While there are a number of barriers to white collar outsourcing, including cultural and language barriers, these are far less daunting than they might appear at first glance. When I was the CEO of a technology company a few years ago, I ran it one time zone and several latitudes away from my entire employee base. I happened to do so from within the United States, but could have as easily run the operations from the Bahamas, Mexico City or anywhere else with telephone lines and decent Internet connections.
Remote management makes group meetings all but impossible, but as anyone who has ever worked in an office knows very well, intra-corporate meetings are negatively productive and cause more problems than they solve. Shunning the office also tends to cut down on other productivity-enhancing, profit-building activities such as water cooler conversations, sexual harassment and the daily commute. And while one might not get to know one’s fellow employees quite as well, it’s not as if the addition of a few cubicle-dwelling corporate rats to one’s social circle is likely to make a significant difference in one’s quality of life anyhow.

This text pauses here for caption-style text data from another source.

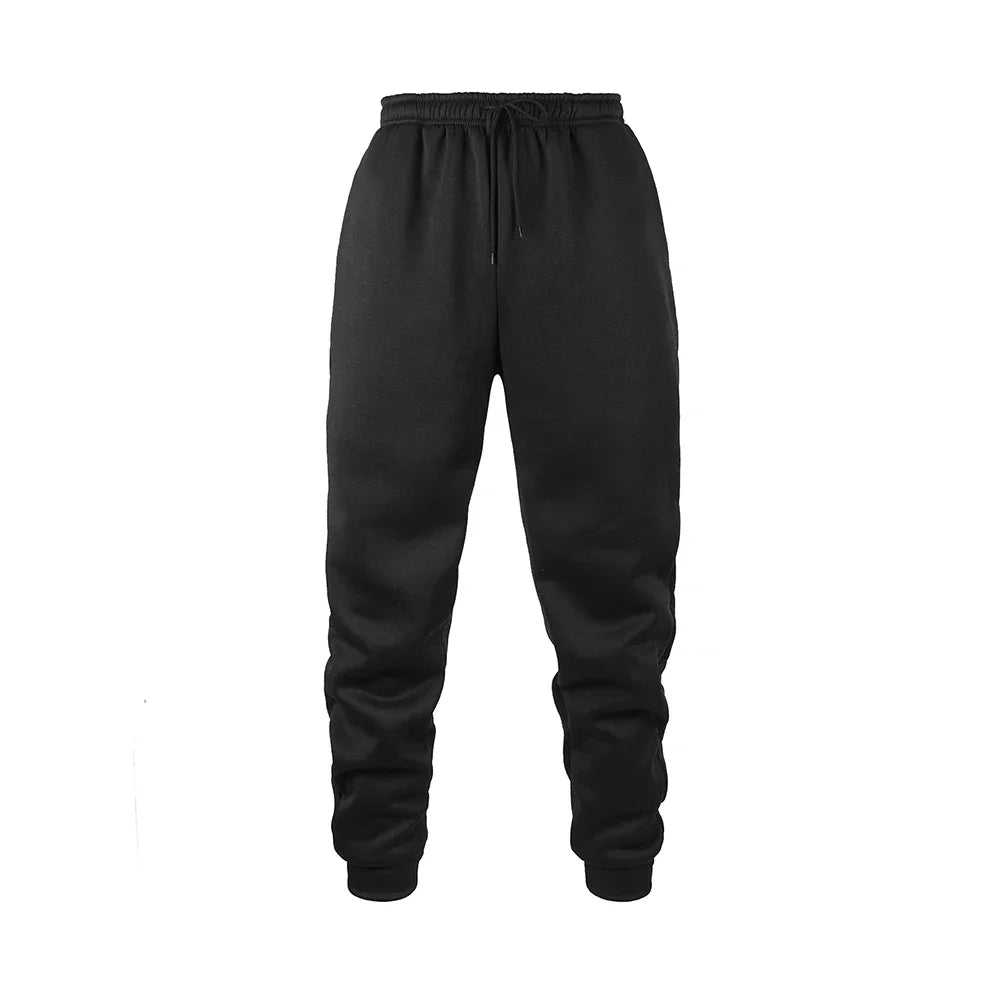 For Men Autumn and Winter Casual Jogging Pants Fleece Sweatpants for Soft and Comfortable Workout.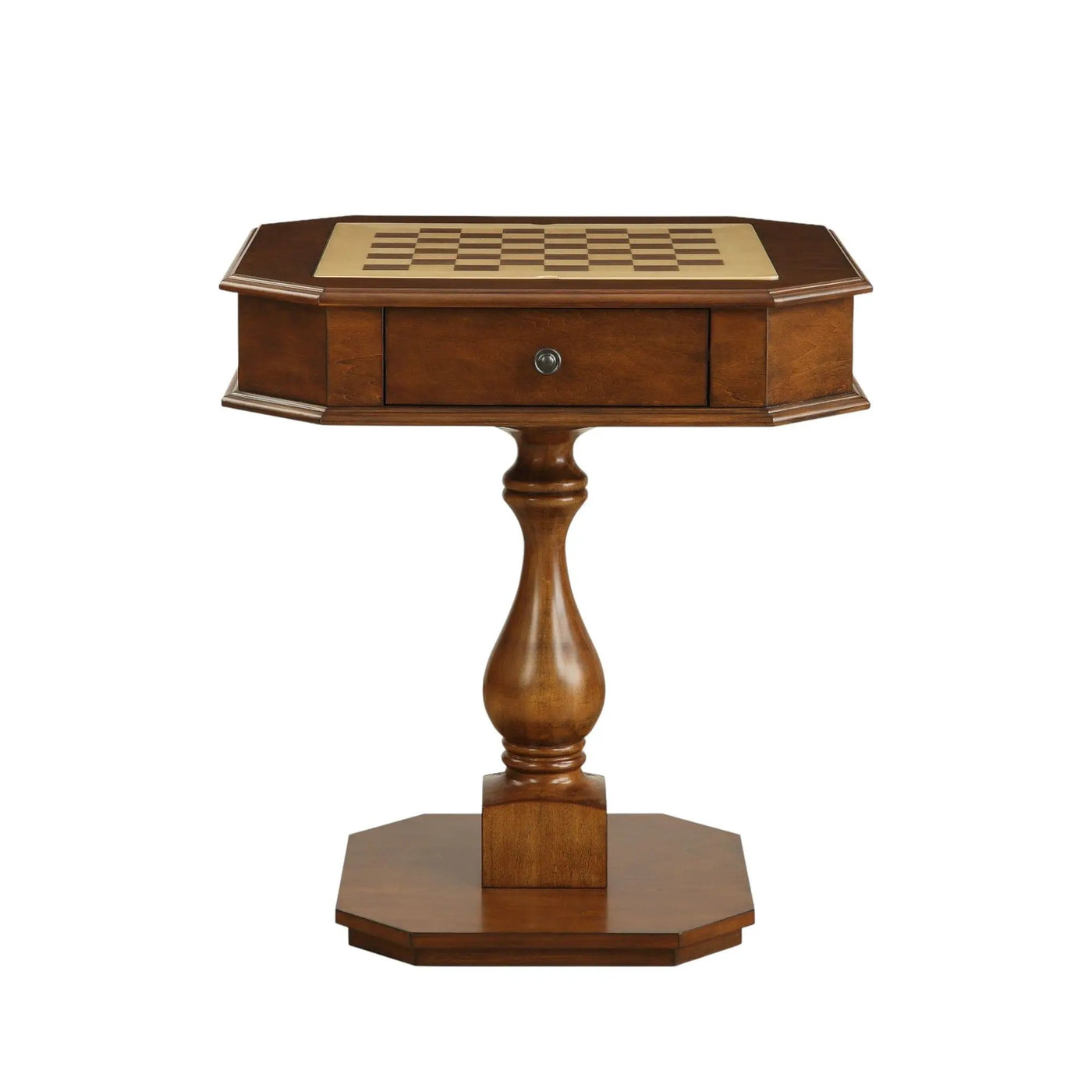 Bishop - Reversible Chess Checker Game Table With Game Tray (Chess Fingures Not Included) by Unique Piece Furniture
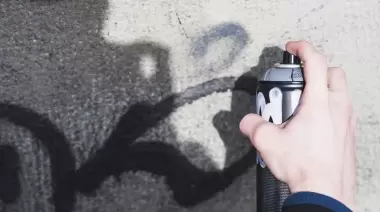 Vandalismo en City Bell: Pintaron un colegio y lo compartieron en Instagram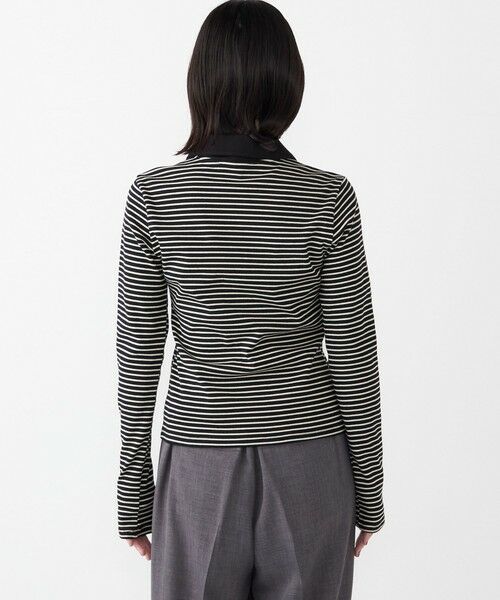 SHIPS / シップス カーディガン・ボレロ | SHIPS Colors:〈手洗い可能〉ボーダー リブ ポロ カーディガン | 詳細23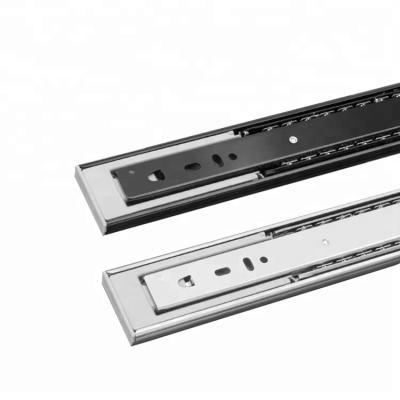 China Jieyang Hardware Contemporary Kitchen Cabinet Accessories 45 Soft Narrow Telescopic Handle / Self Closing Drawer Slides Rail With Ball Bearing for sale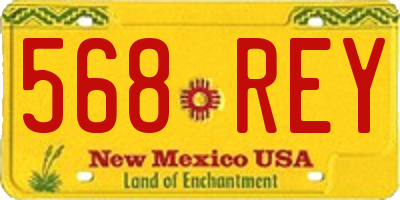 NM license plate 568REY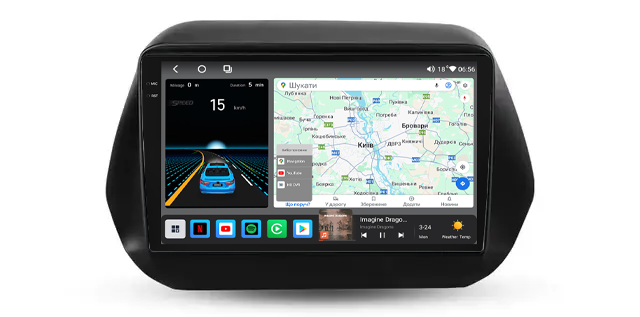 Штатная магнитола Mekede M6 Plus Chevrolet Camaro (2015-2023) CarPlay QleD, фото 1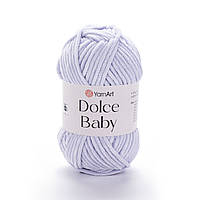 Yarnart DOLCE BABY (Дольче Бейбі) №776 сіро-бузковий (Пряжа плюшева, нитки велюр для в'язання)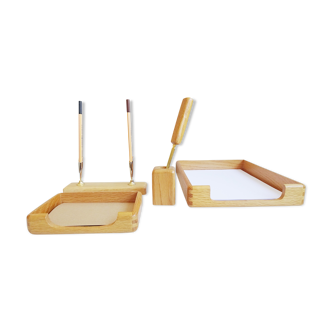 Wooden desk set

It is interesting, then, to note that what two economists at the Economic Policy Institute, Lawrence Mishel and Jared Bernstein, call the skill premium shrunk 6.8 percent between 2000 and 2004. As Geoffrey Colvin of Fortune notes:
The real annual earnings of college graduates actually declined 5.2 percent, while those of high school graduates, strangely enough, rose 1.6 percent.
Meanwhile, even as the compensation advantage it brings is reduced, the cost of a college education is quickly rising. A comparison of statistics taken from CNN/Money shows that the total cost of a four-year public degree has increased from $8,086 in 1999 to $11,354 in 2004, a 40 percent rise, while the cost of a degree from a private university has gone from $21,339 to $27,516, a smaller but still hefty 29 percent increase.
And the trend has just begun, as few higher-level executives realize just how eminently replaceable their management staffs may be, most likely because it requires recognizing the possibility of their own inherent superfluousness. Once the old school begins retiring and are replaced by technologically savvy executives who understand the irrelevance of location to intellectual labor, one should expect to see radical changes in the world of white-collar employment rivaling those that rocked the blue-collar world in the recent past.
Of increasingly questionable quality, it is probable that a college degree has never been of lower value. Parents and prospective students alike should seriously investigate the matter before blithely assuming debt in order to follow the educated lemmings on a path that appears to be ever more outmoded.